Assignment: The answer is the exact run of lines in the listing below from the line containing "a bedroom with two" up to and including the line containing "Necklace with teal leather pieces", with pictures removed.

Material supplied:
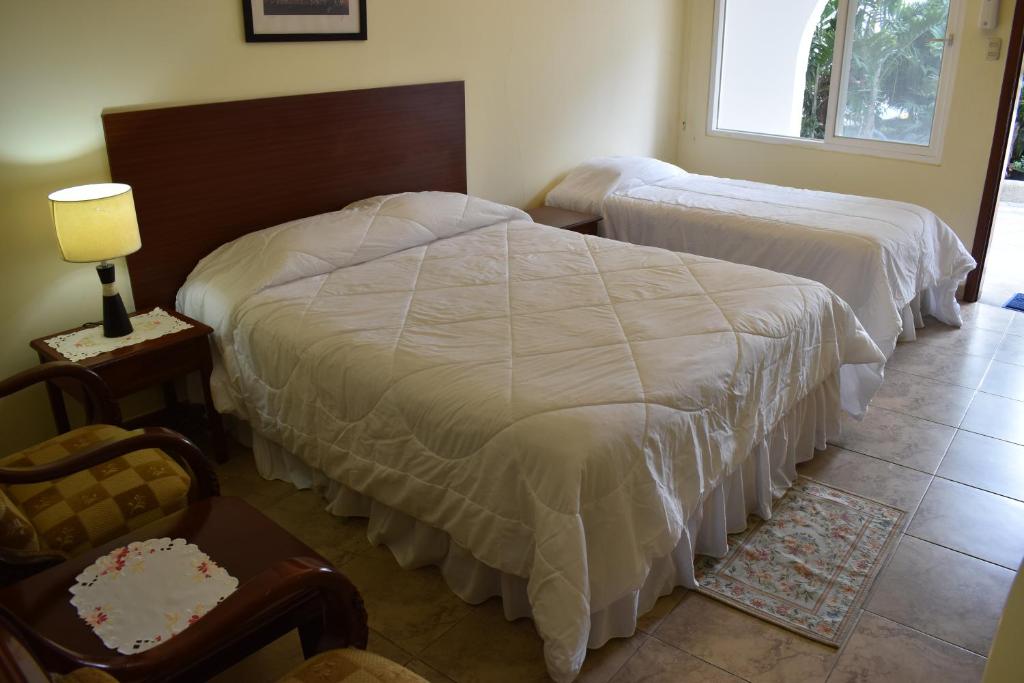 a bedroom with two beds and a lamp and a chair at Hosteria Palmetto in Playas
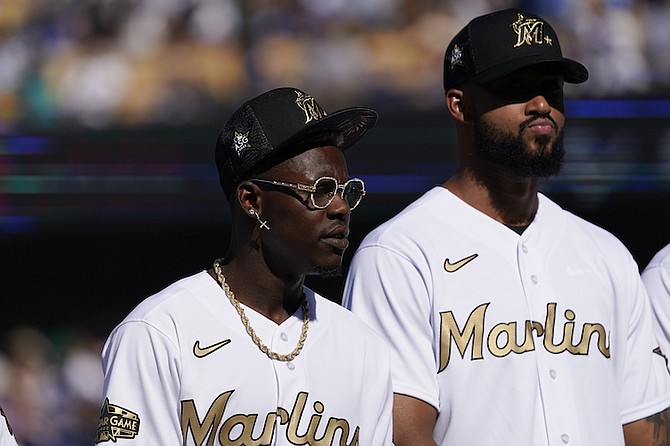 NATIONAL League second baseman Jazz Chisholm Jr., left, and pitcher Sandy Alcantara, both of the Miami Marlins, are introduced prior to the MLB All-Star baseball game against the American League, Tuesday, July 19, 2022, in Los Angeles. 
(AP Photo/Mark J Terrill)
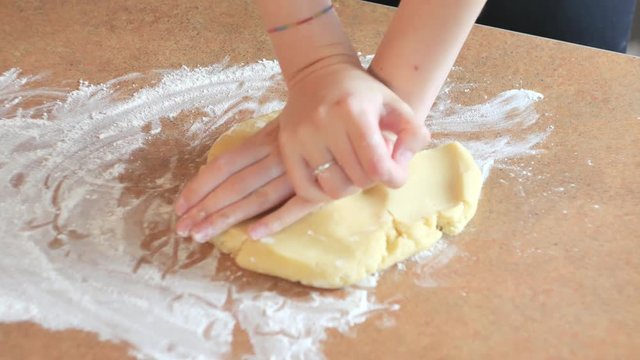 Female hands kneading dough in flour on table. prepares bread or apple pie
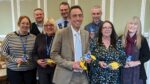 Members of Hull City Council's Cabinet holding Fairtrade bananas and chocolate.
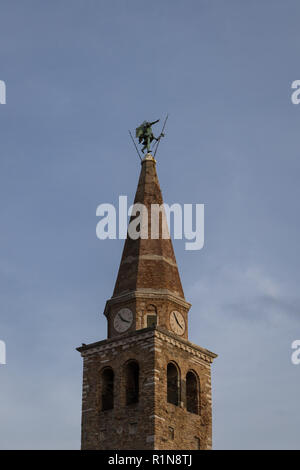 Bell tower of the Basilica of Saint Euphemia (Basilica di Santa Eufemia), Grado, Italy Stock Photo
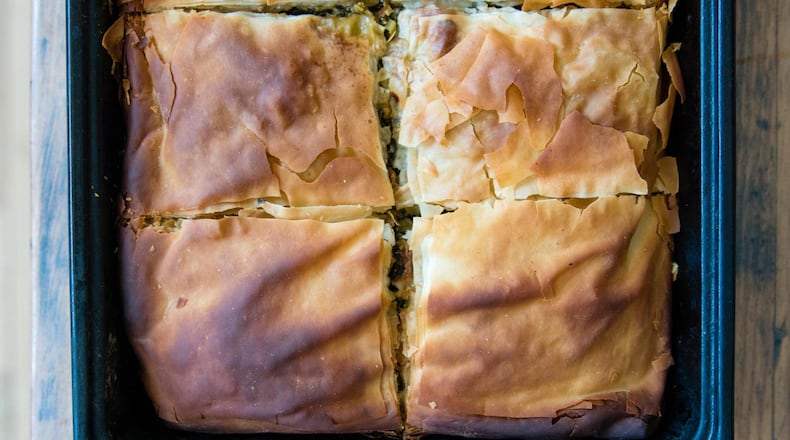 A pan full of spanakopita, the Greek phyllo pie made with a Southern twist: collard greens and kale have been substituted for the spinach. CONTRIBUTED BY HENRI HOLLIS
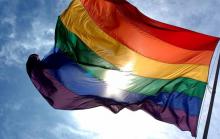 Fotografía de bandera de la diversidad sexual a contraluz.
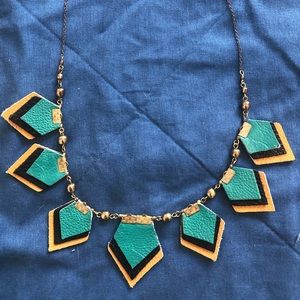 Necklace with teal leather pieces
---
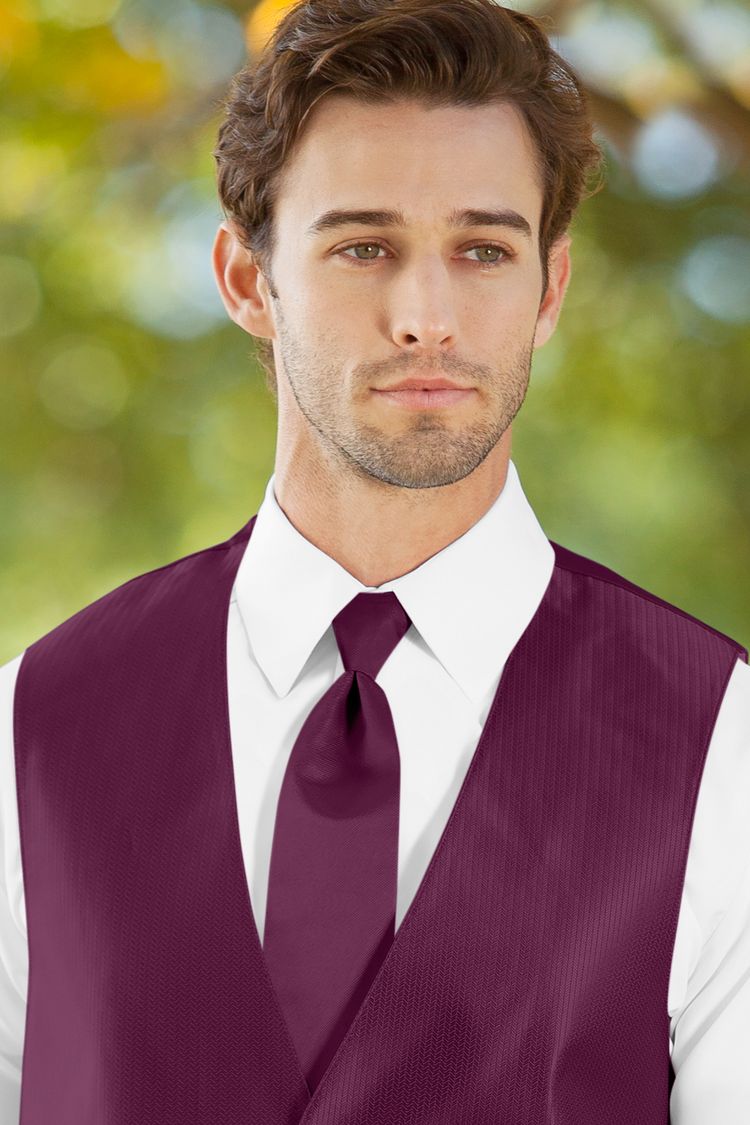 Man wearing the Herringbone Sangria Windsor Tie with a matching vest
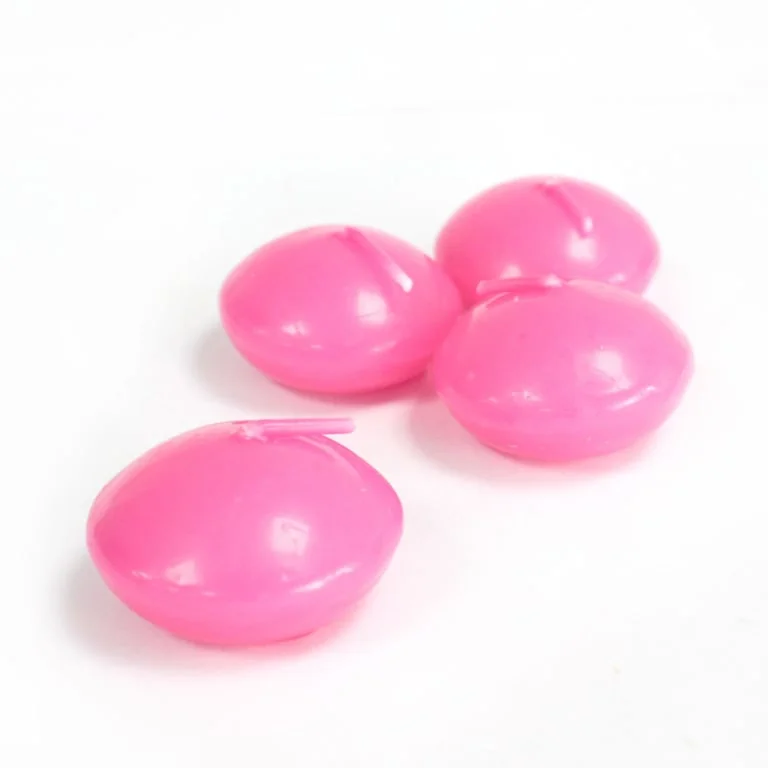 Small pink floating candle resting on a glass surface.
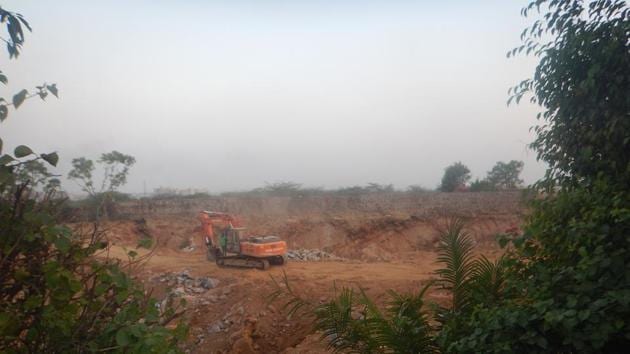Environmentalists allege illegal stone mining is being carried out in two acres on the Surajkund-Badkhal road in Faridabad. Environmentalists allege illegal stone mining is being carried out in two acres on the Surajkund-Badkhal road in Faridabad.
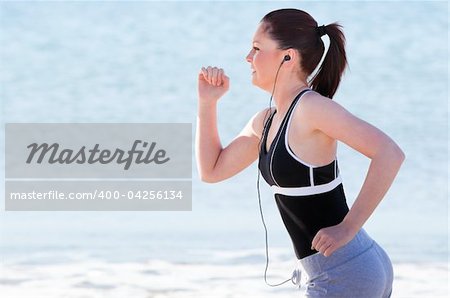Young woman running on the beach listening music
---
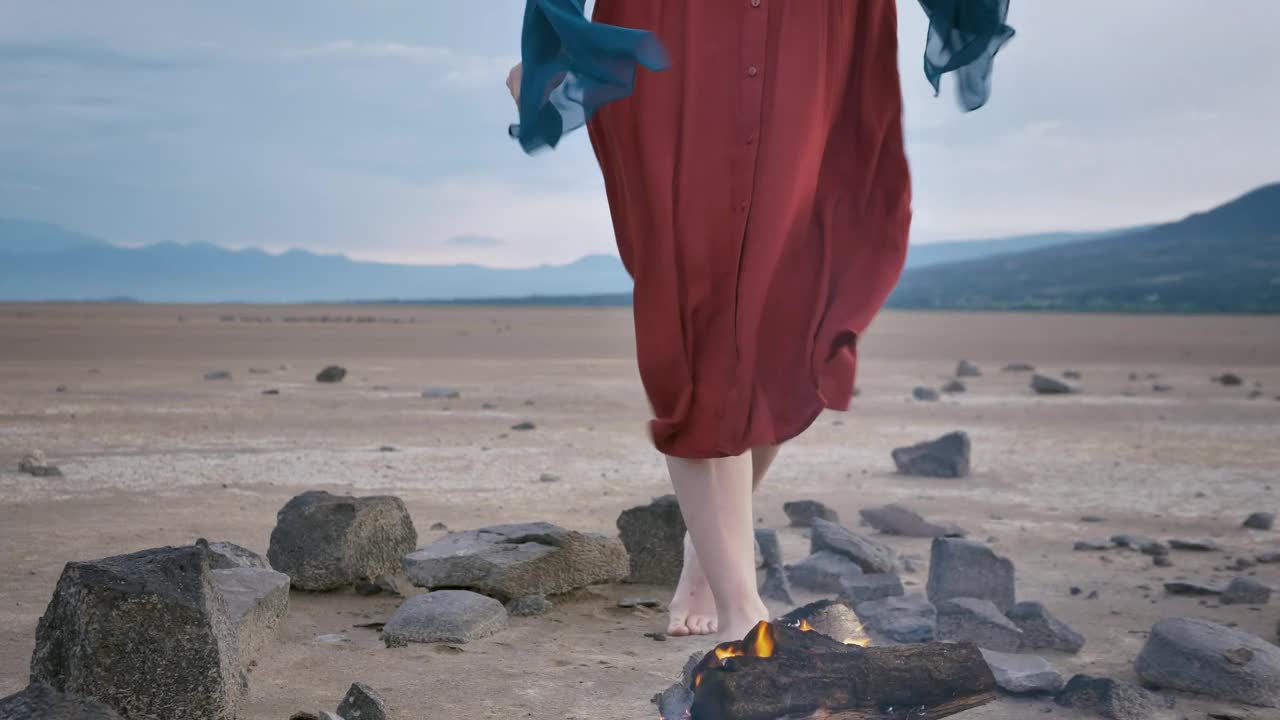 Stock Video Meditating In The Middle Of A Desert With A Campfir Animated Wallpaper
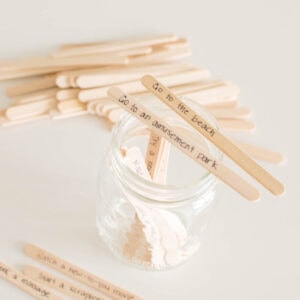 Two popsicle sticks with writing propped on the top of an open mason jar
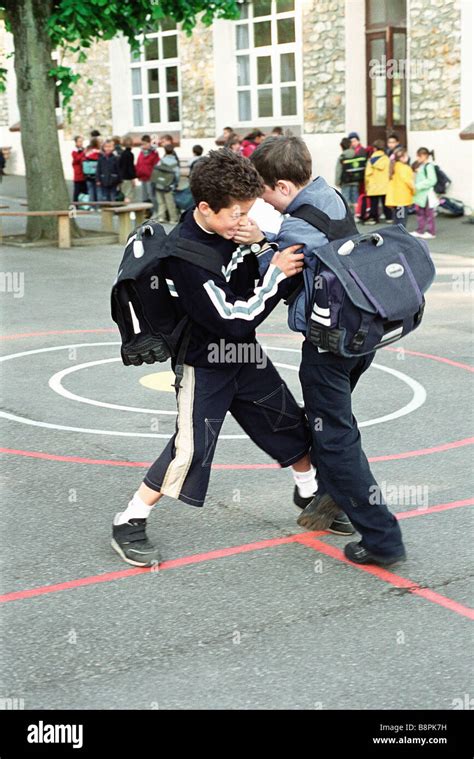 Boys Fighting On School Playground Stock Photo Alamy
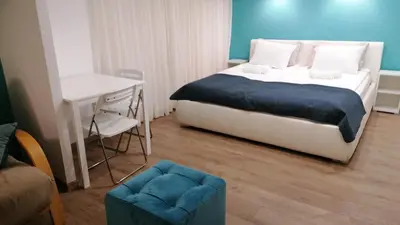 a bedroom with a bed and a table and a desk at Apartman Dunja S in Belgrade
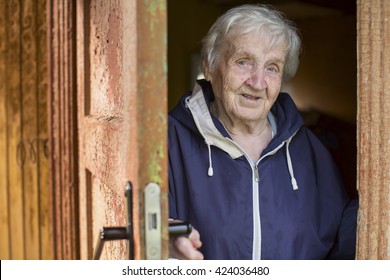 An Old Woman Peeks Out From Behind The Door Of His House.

Completed task:
 a bedroom with two beds and a lamp and a chair at Hosteria Palmetto in Playas
 NATIONAL League second baseman Jazz Chisholm Jr., left, and pitcher Sandy Alcantara, both of the Miami Marlins, are introduced prior to the MLB All-Star baseball game against the American League, Tuesday, July 19, 2022, in Los Angeles. 
(AP Photo/Mark J Terrill)
 Female hands kneading dough in flour on table. prepares bread or apple pie
 Members of Hull City Council's Cabinet holding Fairtrade bananas and chocolate.
 Bell tower of the Basilica of Saint Euphemia (Basilica di Santa Eufemia), Grado, Italy Stock Photo
 A pan full of spanakopita, the Greek phyllo pie made with a Southern twist: collard greens and kale have been substituted for the spinach. CONTRIBUTED BY HENRI HOLLIS
 Fotografía de bandera de la diversidad sexual a contraluz.
 Necklace with teal leather pieces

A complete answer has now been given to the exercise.